Your reply must contain the full listing below, reproduced exactly, but no pictures.

(Data supplied)

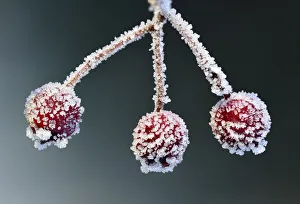 Symmetry Prints: Hawthorn berries (Crataegus monogyna) Brackagh Moss NNR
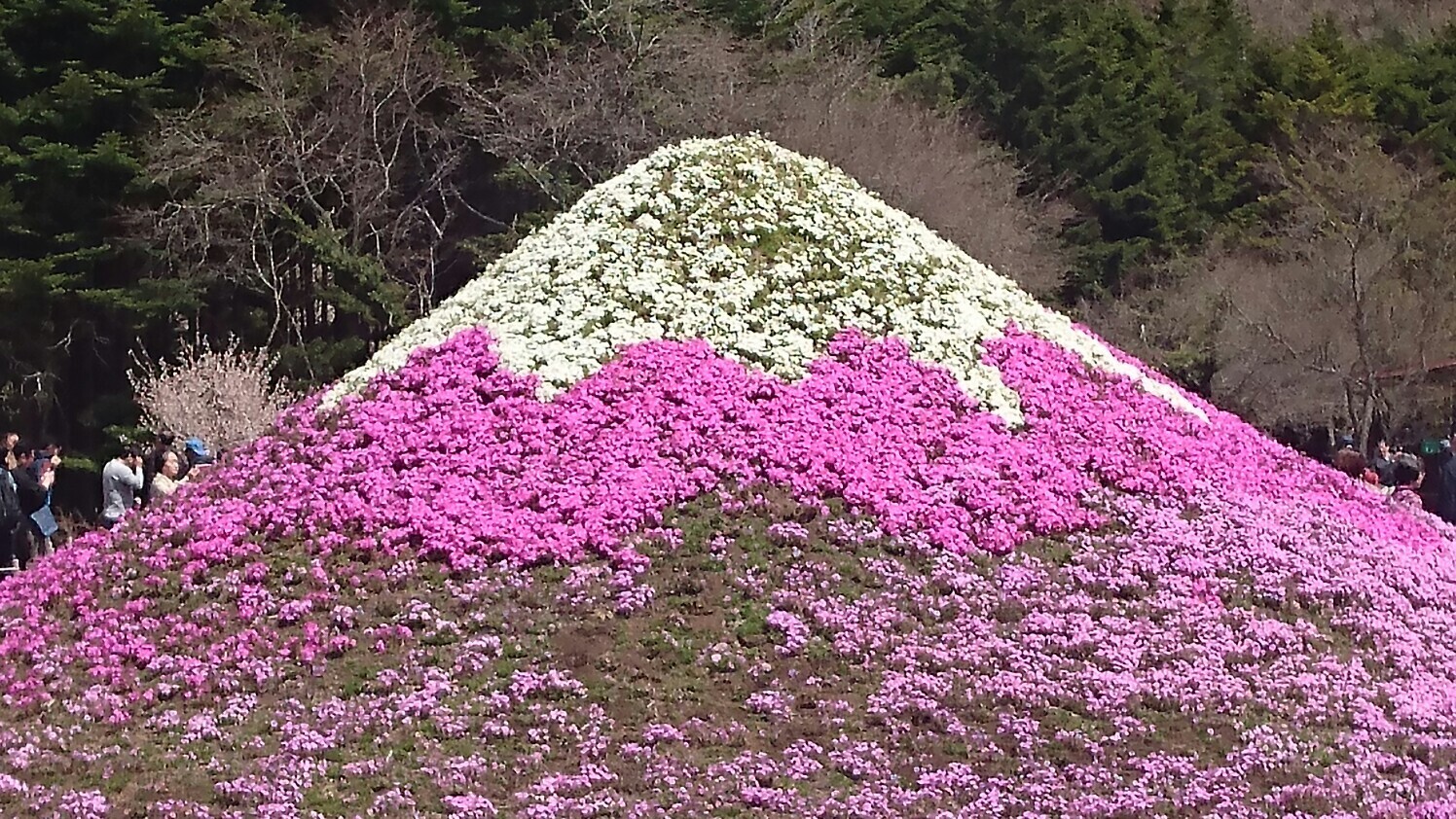 芝桜 と姥桜 忍野八海とおせっかい O C Jinjinさんの毛無山 雨ヶ岳 竜ヶ岳の活動データ Yamap ヤマップ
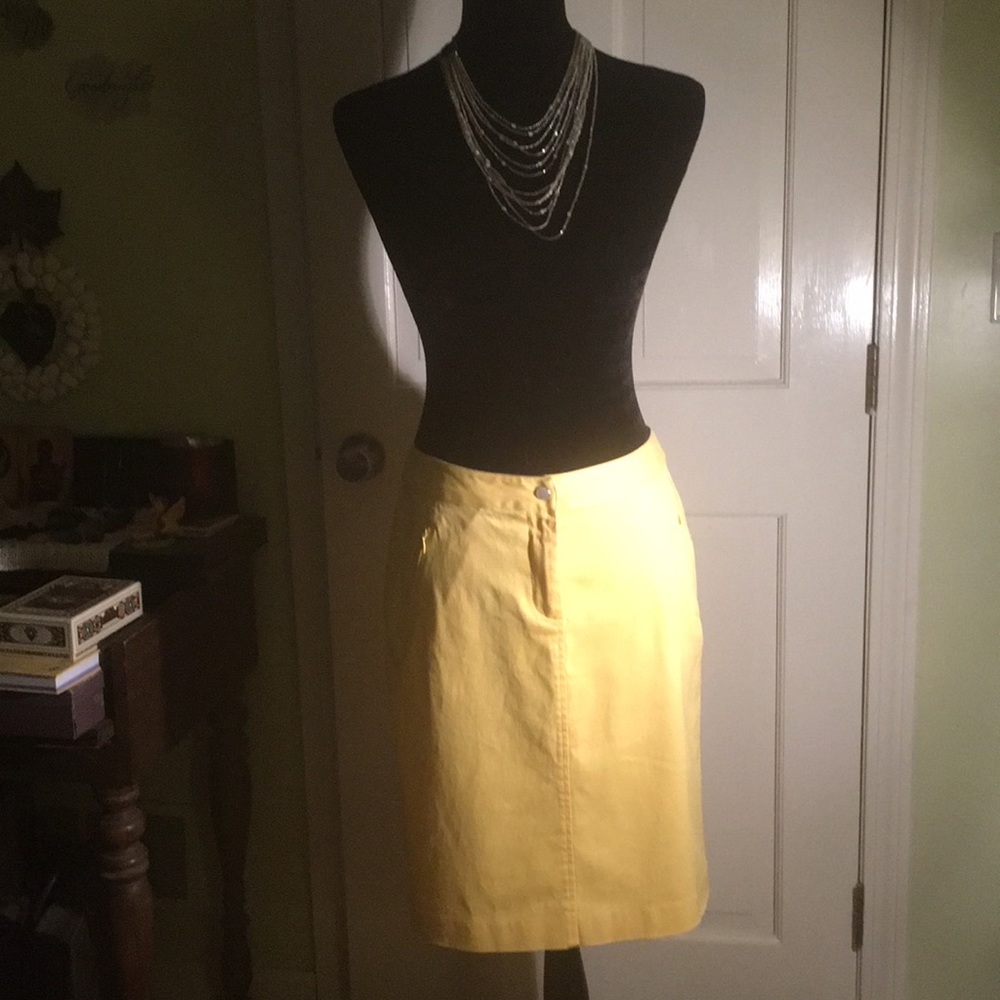 Marshall Fields skirt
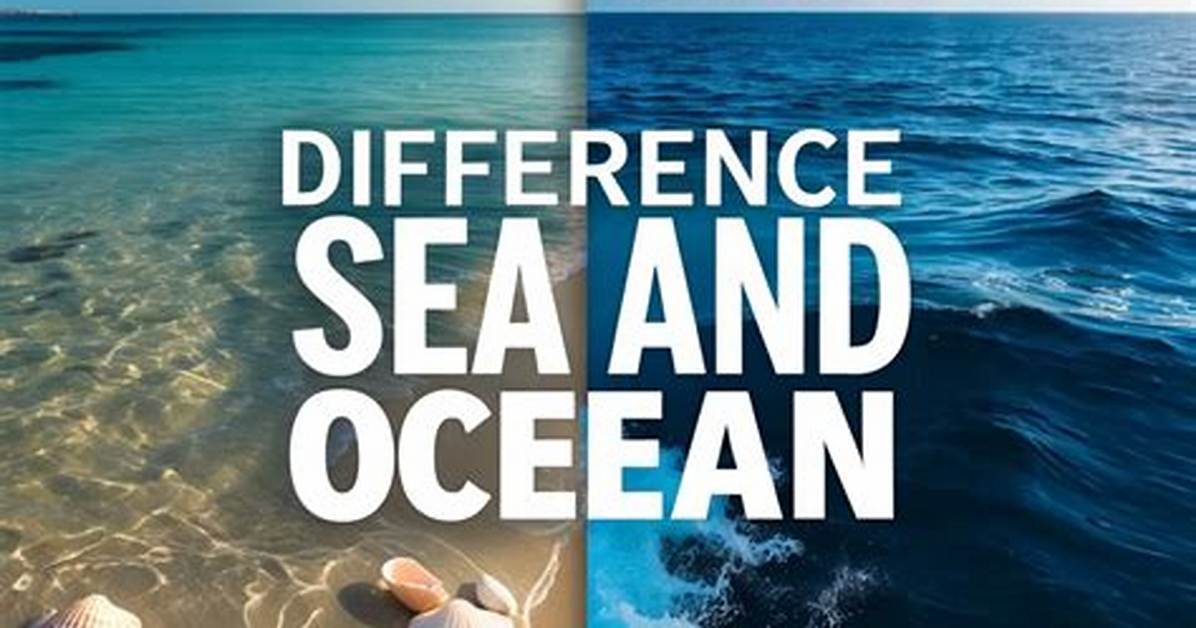 What Is the Difference Between Sea and Lake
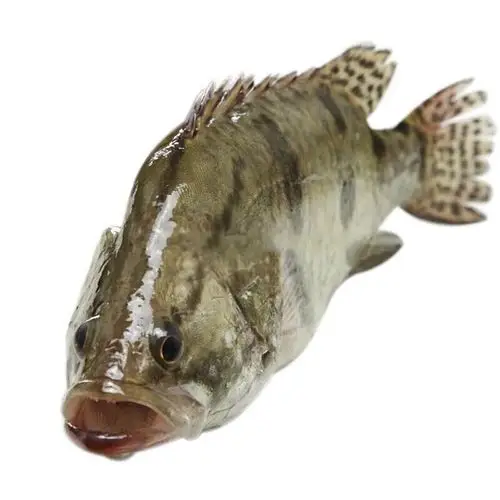 桂鱼 鳜鱼 鲜活现杀季花鱼 桂花鱼 鳌花鱼 渔民洪泽湖现抓发货 约1斤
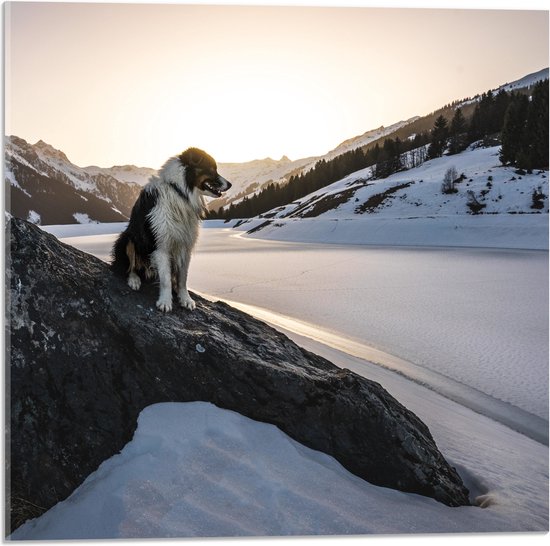 Acrylglas - Hond op een Rots in de Sneeuw tussen de Bergen - 50x50 cm Foto op Acrylglas (Met Ophangsysteem)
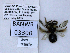  ( - UAIC1138582)  @11 [ ] by (2021) Wendy Moore University of Arizona, Insect Collection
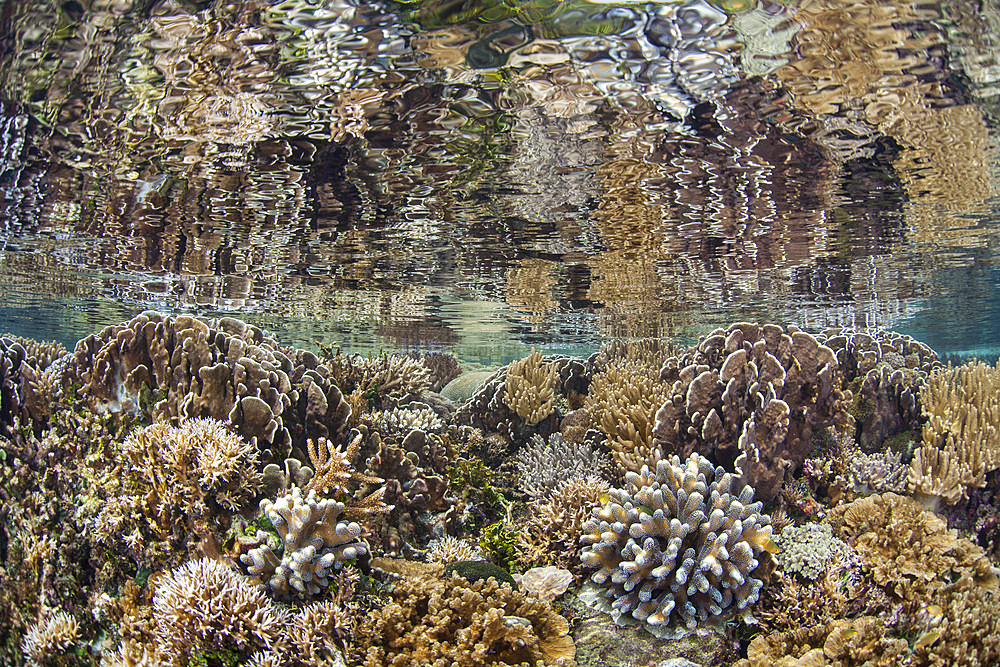 A beautiful coral reef thrives amid the tropical islands of Raja Ampat, Indonesia.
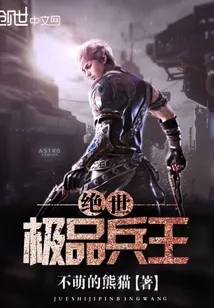 《绝世极品兵王》小说封面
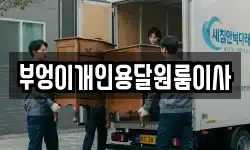 부엉이개인용달원룸이사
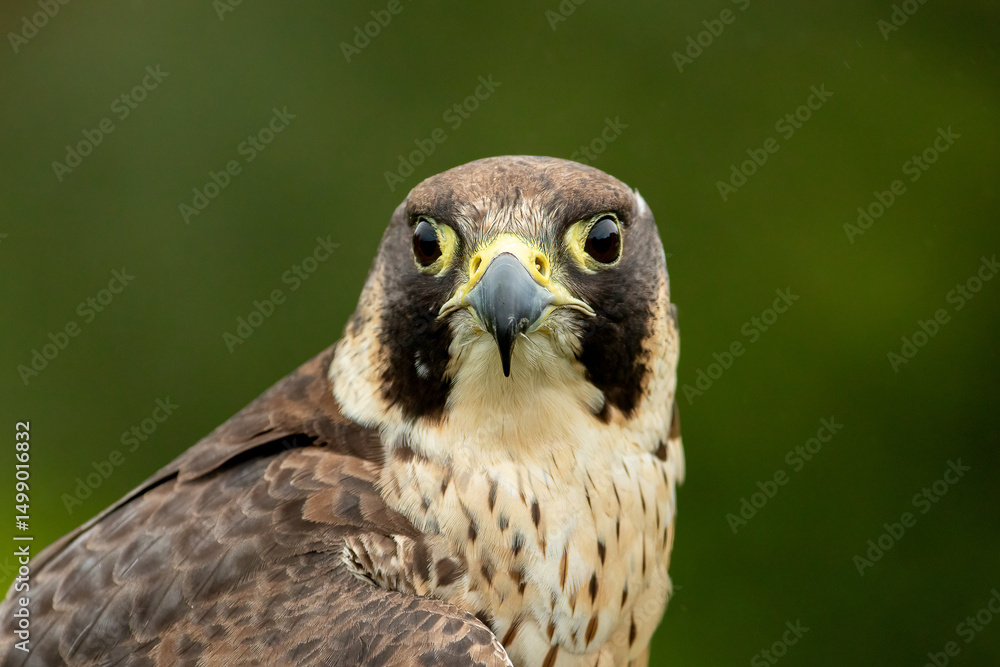 Perergrine Falcon (Falco peregrinus) Perergrine Falcon (Falco peregrinus)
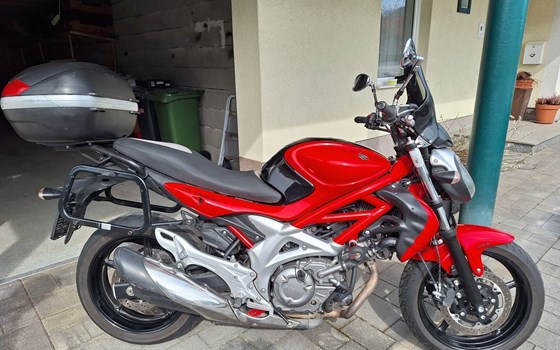 Gebrauchtmotorrad Suzuki SFV 650 Gladius - Bild 1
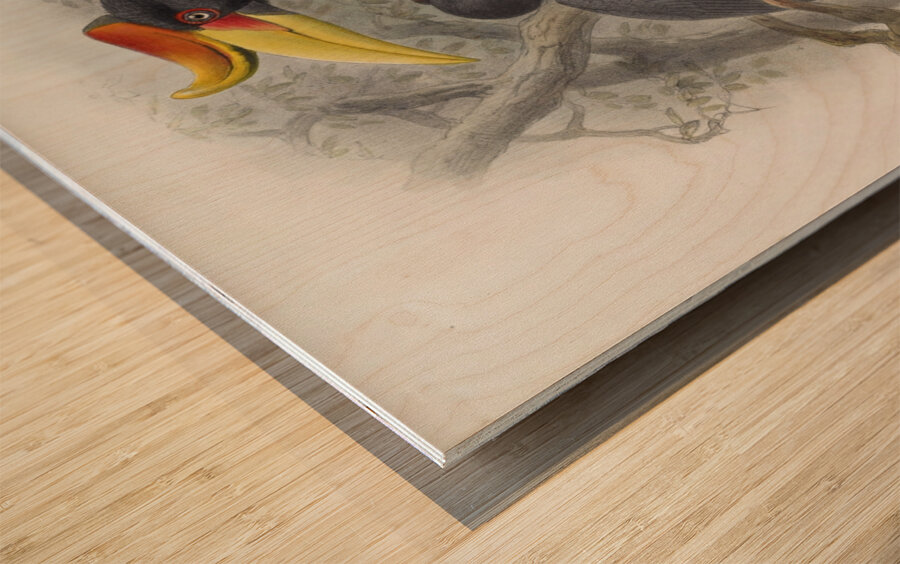 Buceros rhinoceros 1882 Wood print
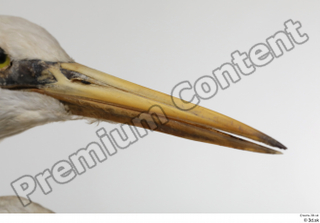 Stork  2 beak head 0005.jpg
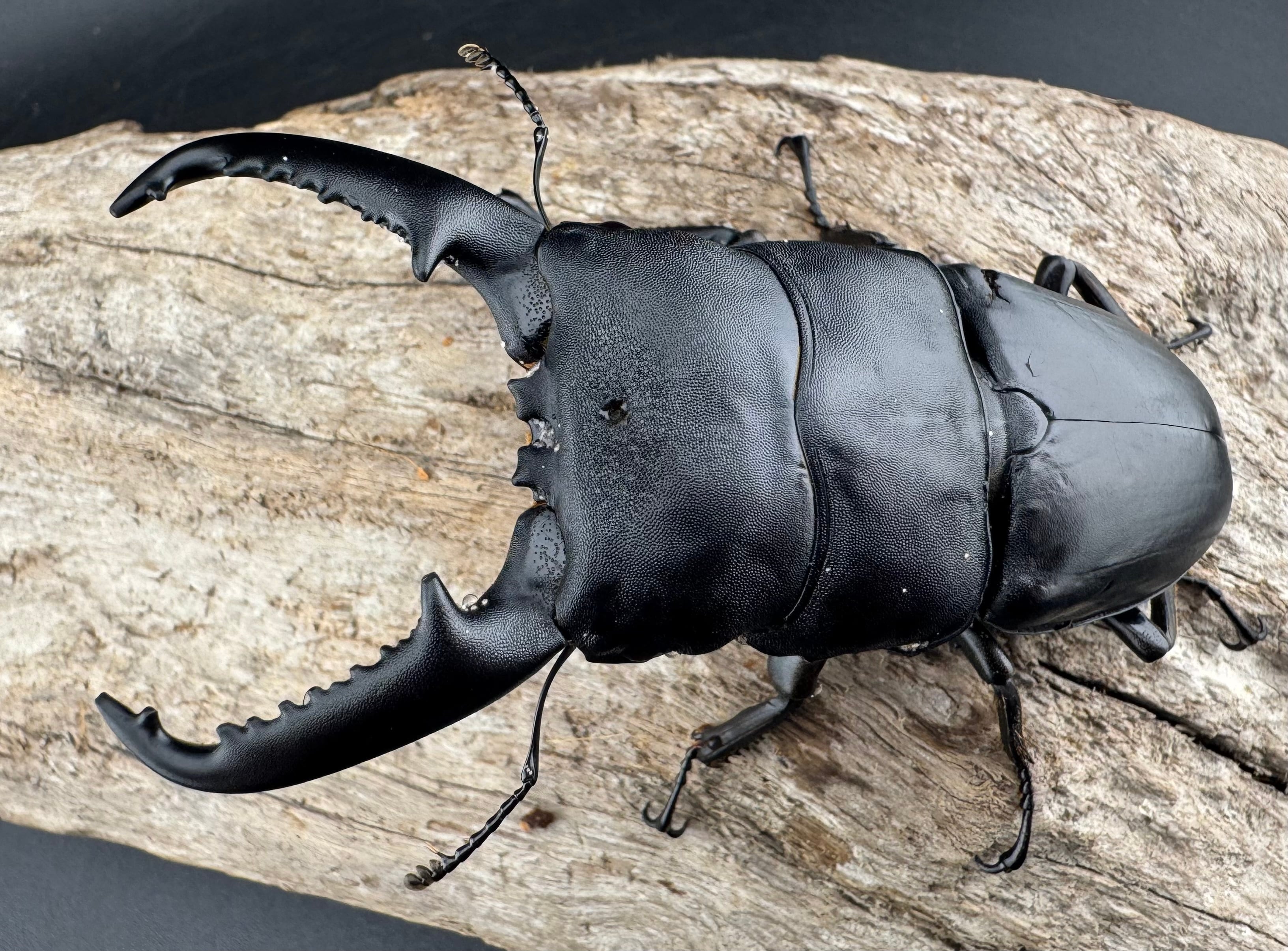 WD】《パラワンオオヒラタ バタラザ産 92mm ペア》 | KPW公式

(End Data supplied)

** Response to the exercise **
 Symmetry Prints: Hawthorn berries (Crataegus monogyna) Brackagh Moss NNR
 芝桜 と姥桜 忍野八海とおせっかい O C Jinjinさんの毛無山 雨ヶ岳 竜ヶ岳の活動データ Yamap ヤマップ
 Marshall Fields skirt
 What Is the Difference Between Sea and Lake
 桂鱼 鳜鱼 鲜活现杀季花鱼 桂花鱼 鳌花鱼 渔民洪泽湖现抓发货 约1斤
 Acrylglas - Hond op een Rots in de Sneeuw tussen de Bergen - 50x50 cm Foto op Acrylglas (Met Ophangsysteem)
  ( - UAIC1138582)  @11 [ ] by (2021) Wendy Moore University of Arizona, Insect Collection
 A beautiful coral reef thrives amid the tropical islands of Raja Ampat, Indonesia.
 《绝世极品兵王》小说封面
 부엉이개인용달원룸이사
 Perergrine Falcon (Falco peregrinus) Perergrine Falcon (Falco peregrinus)
 Gebrauchtmotorrad Suzuki SFV 650 Gladius - Bild 1
 Buceros rhinoceros 1882 Wood print
 Stork  2 beak head 0005.jpg
 WD】《パラワンオオヒラタ バタラザ産 92mm ペア》 | KPW公式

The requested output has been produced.